The number of rows returned by the query will be equal to the number of matches between Departments and Employees plus one row per unmatched Department (with NULL Employees columns). In other words, a Left Join return all rows an Inner Join does plus one row per unmatched Department.
SELECT Departments.*, Employees.* FROM Departments LEFT JOIN Employees ON (Departments.IDDepartment = Employees.IDDepartment);
A RIGHT JOIN is the opposite on a LEFT JOIN, as it returns all rows in the table on the right side of the SQL query (Employees table) regardless of whether Employees are related to a Department. Whenever a row from the table on the right (Employees) does not have a matching row on the left side (Departments), the columns belonging to the table on the left are filled by NULL values. In other words, right SQL joins return all rows from an Inner Join plus one row per unmatched Employee.
SELECT Departments.*, Employees.* FROM Departments RIGHT JOIN Employees ON (Departments.IDDepartment = Employees.IDDepartment);
What happens when all you want is to try all possible combinations between 2 tables (in our case, test all Departments vs. Employees possibilities)? Even if a Department is not currently related to an Employee and vice-versa. Left Joins are not enough because they only test Departments -> Employees combinations and leave out some possible Departments <- Employees mixes. The opposite happens with a Right Join as it leaves out some Departments -> Employees combinations. What we need here is a Cartesian Product (an All Department vs. All Employees combination) or (more technically called) a Full Outer Join.

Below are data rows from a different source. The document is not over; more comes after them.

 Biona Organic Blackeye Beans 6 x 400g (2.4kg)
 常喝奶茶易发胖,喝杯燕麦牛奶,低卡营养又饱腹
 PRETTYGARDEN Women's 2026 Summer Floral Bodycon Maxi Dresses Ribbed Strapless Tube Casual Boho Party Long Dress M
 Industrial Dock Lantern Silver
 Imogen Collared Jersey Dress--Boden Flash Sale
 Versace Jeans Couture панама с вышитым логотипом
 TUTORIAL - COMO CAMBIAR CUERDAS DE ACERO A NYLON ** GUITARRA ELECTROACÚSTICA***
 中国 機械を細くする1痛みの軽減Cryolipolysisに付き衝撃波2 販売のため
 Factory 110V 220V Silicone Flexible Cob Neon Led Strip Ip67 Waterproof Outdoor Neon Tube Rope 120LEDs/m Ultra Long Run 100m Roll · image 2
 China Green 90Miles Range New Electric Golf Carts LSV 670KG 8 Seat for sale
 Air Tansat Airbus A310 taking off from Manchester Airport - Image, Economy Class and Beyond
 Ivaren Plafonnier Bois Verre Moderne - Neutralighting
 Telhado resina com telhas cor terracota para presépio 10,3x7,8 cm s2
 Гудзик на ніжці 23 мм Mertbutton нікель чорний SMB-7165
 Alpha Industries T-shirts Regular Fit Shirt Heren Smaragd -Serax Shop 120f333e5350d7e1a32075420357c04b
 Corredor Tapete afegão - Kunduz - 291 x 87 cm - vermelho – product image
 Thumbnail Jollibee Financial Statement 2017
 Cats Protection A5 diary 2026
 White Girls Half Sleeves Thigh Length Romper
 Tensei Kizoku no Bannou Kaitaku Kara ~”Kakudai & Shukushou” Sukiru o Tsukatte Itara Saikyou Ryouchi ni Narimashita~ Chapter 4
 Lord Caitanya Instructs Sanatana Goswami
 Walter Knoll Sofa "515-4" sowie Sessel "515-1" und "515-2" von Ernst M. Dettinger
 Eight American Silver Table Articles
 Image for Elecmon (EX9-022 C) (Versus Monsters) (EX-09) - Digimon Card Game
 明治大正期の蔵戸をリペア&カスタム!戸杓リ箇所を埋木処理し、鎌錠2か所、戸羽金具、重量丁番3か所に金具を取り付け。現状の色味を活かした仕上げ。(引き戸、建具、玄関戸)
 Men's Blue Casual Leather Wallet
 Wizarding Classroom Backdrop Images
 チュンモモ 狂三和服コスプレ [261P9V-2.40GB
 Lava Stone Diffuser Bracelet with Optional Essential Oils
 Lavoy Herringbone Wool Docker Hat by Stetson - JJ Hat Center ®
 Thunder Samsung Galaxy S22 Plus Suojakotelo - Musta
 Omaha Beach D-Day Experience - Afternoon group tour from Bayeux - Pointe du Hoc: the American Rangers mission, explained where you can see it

SELECT Departments.*, Employees.* FROM Departments FULL OUTER JOIN Employees ON (Departments.IDDepartment = Employees.IDDepartment);
Left, Right and Full SQL Joins return rows from unmatched Departments/Employees combinations plus all rows from matched ones. What happens if we only want to find out which Departments do not have Employees or which Employees are not associated with any Department? That’s where filtering comes into the rescue.
If we want to find which Departments are currently “empty” (i.e. no associated Employees), we can use a Left Join and then filter out those rows which have data in columns from the Employees table (that is, non-null values). To that end, we use the WHERE SQL keyword.
SELECT Departments.*, Employees.* FROM Departments LEFT JOIN Employees ON (Departments.IDDepartment = Employees.IDDepartment) WHERE Employees.IDEmployee IS NULL;
Conversely, if we want to find all Employees without a Department, we should use a Right Join and filter all rows where there’s data for a Department, leaving only Employees with no assigned Department.
SELECT Departments.*, Employees.* FROM Departments RIGHT JOIN Employees ON (Departments.IDDepartment = Employees.IDDepartment) WHERE Employees.IDEmployee IS NULL;
Finally, if want to find all Departments with no Employees and All Employees with no assigned Department (both at once), we can use a Full Outer Join and only return rows where Employee data is NULL or Department data is NULL. As shown above, this is accomplished by first running a Left Join query and then a Right Join. The returned rowset will be identical but it’s less efficient, as we execute 2 SQL joins instead of one.
SELECT Departments.*, Employees.* FROM Departments FULL OUTER JOIN Employees ON (Departments.IDDepartment = Employees.IDDepartment) WHERE Departments.IDDepartment IS NULL OR Employees.IDEmployee IS NULL;
SQL handles relationships through the use of table JOINs. In other words, SQL joins are clauses in SQL language that link two or more tables based on one or more fields called keys. In short, relational databases reduce redundancy and improve query efficiency through the use of JOINs, making data access faster and the whole database easier to maintain.